Heureux les doux, parce que ce sont eux qui hériteront de la terre.
Heureux ceux qui sont dans le deuil, parce que ce sont eux qui seront consolés.
Heureux ceux qui ont faim et soif de la justice, parce que ce sont eux qui seront rassasiés.
Heureux les miséricordieux, parce que ce sont eux qui obtiendront miséricorde.
Heureux les purs par le coeur, parce que ce sont eux qui verront Dieu.
Heureux les faiseurs de paix, parce que ce sont eux qui seront appelés fils de Dieu.
Heureux ceux qui sont persécutés à cause de justice, parce que c'est à eux qu'est le royaume des cieux.
Heureux êtes-vous quand ils vous insultent et qu'ils vous persécutent et qu'ils disent mensongèrement contre vous toute sorte de mal à cause de moi. Réjouissez-vous et exultez, parce que votre salaire est grand dans les cieux. Car c'est ainsi qu'ils ont persécuté les prophètes d'avant vous.''»


Matthieu V, 1-12

«Ayant vu les foules, il alla en haut dans la montagne». Jésus se dégage, monte, prend de la distance, de l'altitude.

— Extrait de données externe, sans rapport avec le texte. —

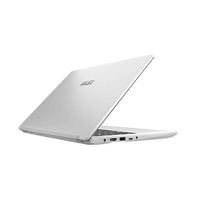 MSI 14 C13M447XES  Portatil i5 1335U 16GB 512GB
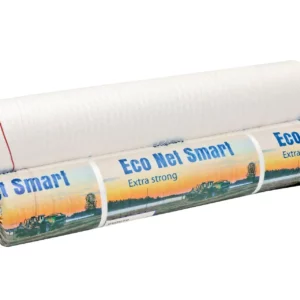 Siatka 2000 m o szerokości 123 cm marki EcoNet i numerze katalogowym 2000/123/E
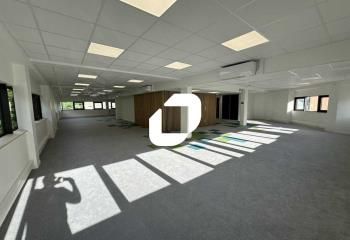 Vente bureaux Seyssins - Proche tram, rocade et autoroute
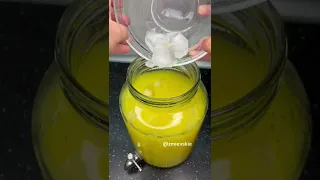 2 апельсина = 4 литра сока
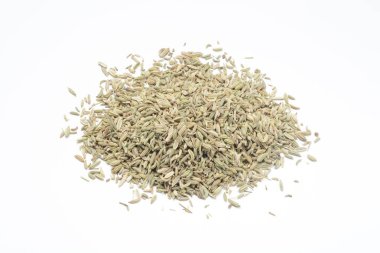 yığın kuru rezene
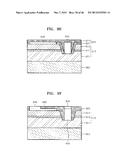 SEMICONDUCTOR LIGHT-EMITTING DEVICE AND METHOD OF MANUFACTURING THE SAME diagram and image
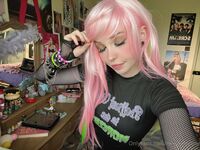 Belle Delphine Home Alone Onlyfans Set Leaked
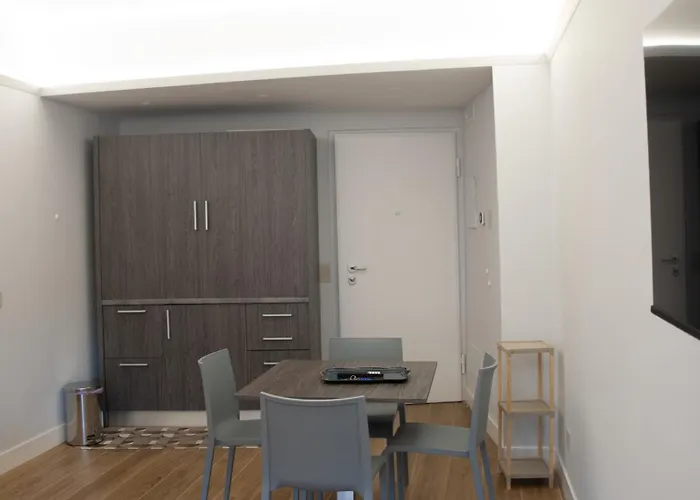 Domus Musei Vaticani Apartamento Roma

Mais, comme nous pouvons l'observer aussitôt, son dégagement n'est pas étranger à son rapport à la foule. «Ayant vu les foules, il alla en haut dans la montagne». La vue des foules l'a conduit à s'en aller. Demandons-nous si ce départ signifie qu'il abandonne les foules ou bien s'il préfère ainsi se mettre à l'écart pour parler mieux de cette foule.

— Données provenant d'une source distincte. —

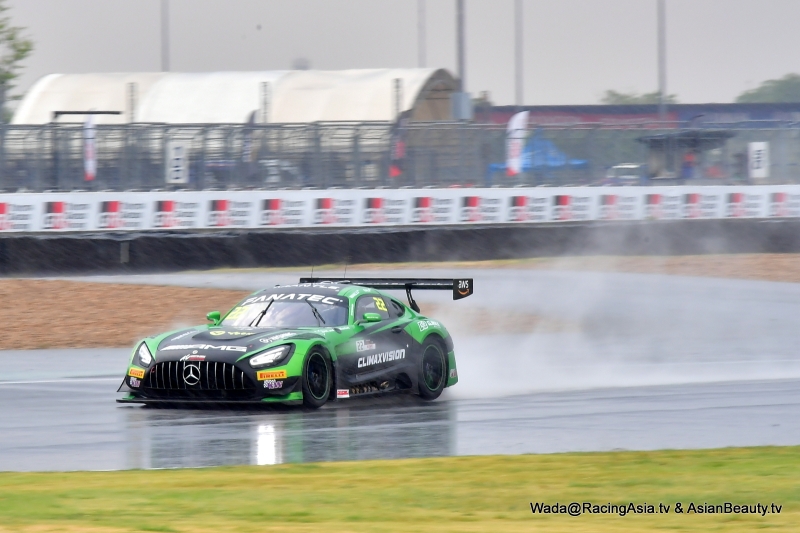 2024.05 Buriram GT World Challenge Asia 2024 #2 RacingAsia.tv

«Et, lui s'étant assis, ses disciples s'avancèrent vers lui». Le voici qui siège, comme quelqu'un qui a autorité et qui se place en face d'autres qui ont à apprendre quelque chose que peut-être ils ne connaissaient pas ou qu'ils avaient oublié. Car des disciples sont des gens qui se reconnaissent un maître. Il accepte cette fonction de maître.

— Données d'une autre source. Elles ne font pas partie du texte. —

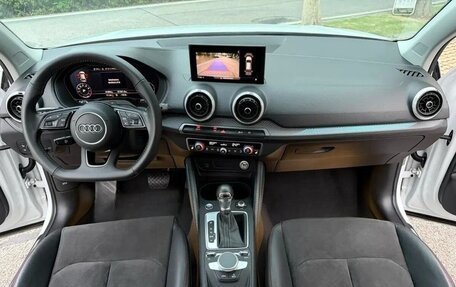Audi Q2 I, 2022 год, 1 990 000 рублей, 8 фотография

«Et, ayant ouvert sa bouche, il les enseignait en disant» : ça sort de lui, c'est une parole qui vient du fond de lui-même. On dirait que ce qu'il est devient parole, comme si ce qu'il est manquait encore d'expression.

*

Or que dit-il ? A considérer ses paroles dans leur ensemble, nous pouvons dire, sans grand risque de nous tromper, qu'il déclare avec solennité quels sont les titres qui donnent droit au bonheur ou, plus exactement, quels sont les titres qui permettent qu'on dise de quelqu'un : celui-là est un homme heureux.

Ces titres ont tous un trait commun : tous portent la marque d'une humanité simple, d'une humanité de bon aloi, parfois d'une humanité blessée ou insatisfaite, dans l'attente d'être reconnue, mais - et c'est le trait le plus saisissant -, tous ces titres relèvent d'une sorte de choix. Car, dans l'existence humaine, nous le savons bien, il y a plusieurs possibilités qui nous sont offertes.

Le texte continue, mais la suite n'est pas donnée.